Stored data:
· · · ·

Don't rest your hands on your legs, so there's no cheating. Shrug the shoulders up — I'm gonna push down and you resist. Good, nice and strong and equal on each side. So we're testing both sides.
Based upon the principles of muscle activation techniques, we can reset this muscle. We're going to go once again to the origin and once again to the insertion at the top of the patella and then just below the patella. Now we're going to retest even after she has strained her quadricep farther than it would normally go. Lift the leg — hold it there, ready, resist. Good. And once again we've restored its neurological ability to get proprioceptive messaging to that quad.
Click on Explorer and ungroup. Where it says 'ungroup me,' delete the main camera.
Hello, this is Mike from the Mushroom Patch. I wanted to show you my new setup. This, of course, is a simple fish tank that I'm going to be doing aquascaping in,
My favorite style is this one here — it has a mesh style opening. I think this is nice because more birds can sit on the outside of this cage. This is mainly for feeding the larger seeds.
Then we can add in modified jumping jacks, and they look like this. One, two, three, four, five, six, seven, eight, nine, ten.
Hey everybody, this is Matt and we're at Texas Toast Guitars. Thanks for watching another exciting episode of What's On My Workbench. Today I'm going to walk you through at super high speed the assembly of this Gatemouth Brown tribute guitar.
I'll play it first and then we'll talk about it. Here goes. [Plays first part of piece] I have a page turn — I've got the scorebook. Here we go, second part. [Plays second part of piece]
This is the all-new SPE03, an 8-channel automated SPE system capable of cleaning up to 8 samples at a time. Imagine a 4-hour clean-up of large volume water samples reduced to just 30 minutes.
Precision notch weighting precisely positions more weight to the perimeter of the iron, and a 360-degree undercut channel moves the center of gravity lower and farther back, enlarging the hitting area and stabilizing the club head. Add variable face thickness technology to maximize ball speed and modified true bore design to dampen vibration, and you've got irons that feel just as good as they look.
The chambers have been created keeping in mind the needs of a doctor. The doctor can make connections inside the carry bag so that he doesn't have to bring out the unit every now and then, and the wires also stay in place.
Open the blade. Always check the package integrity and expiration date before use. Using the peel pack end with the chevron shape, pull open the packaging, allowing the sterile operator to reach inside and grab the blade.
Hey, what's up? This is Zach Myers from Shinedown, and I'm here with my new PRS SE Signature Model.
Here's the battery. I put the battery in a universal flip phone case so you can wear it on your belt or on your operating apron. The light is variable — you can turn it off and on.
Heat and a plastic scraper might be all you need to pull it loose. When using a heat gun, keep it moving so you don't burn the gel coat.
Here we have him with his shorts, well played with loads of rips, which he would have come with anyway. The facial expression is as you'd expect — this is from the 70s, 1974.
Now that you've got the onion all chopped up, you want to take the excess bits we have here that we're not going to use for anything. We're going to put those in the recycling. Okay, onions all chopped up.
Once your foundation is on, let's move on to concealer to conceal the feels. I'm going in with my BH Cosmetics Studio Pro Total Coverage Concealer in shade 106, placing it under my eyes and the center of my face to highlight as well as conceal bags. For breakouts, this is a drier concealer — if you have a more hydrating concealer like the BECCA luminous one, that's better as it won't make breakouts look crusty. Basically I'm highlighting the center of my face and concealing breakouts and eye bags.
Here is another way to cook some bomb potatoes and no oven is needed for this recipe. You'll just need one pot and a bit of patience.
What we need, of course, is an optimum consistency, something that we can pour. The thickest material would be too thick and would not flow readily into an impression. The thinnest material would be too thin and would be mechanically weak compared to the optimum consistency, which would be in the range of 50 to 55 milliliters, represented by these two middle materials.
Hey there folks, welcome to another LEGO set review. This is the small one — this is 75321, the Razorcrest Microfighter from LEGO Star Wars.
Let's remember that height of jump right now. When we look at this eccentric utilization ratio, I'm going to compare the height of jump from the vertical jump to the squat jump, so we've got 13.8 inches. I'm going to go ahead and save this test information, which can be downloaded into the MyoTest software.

· · · ·

* **WHAT TO WORK ON**:
Lines above with the word "which" should be counted, and the reply is that count alone.

* **ANSWER FOR THIS EXERCISE**:
3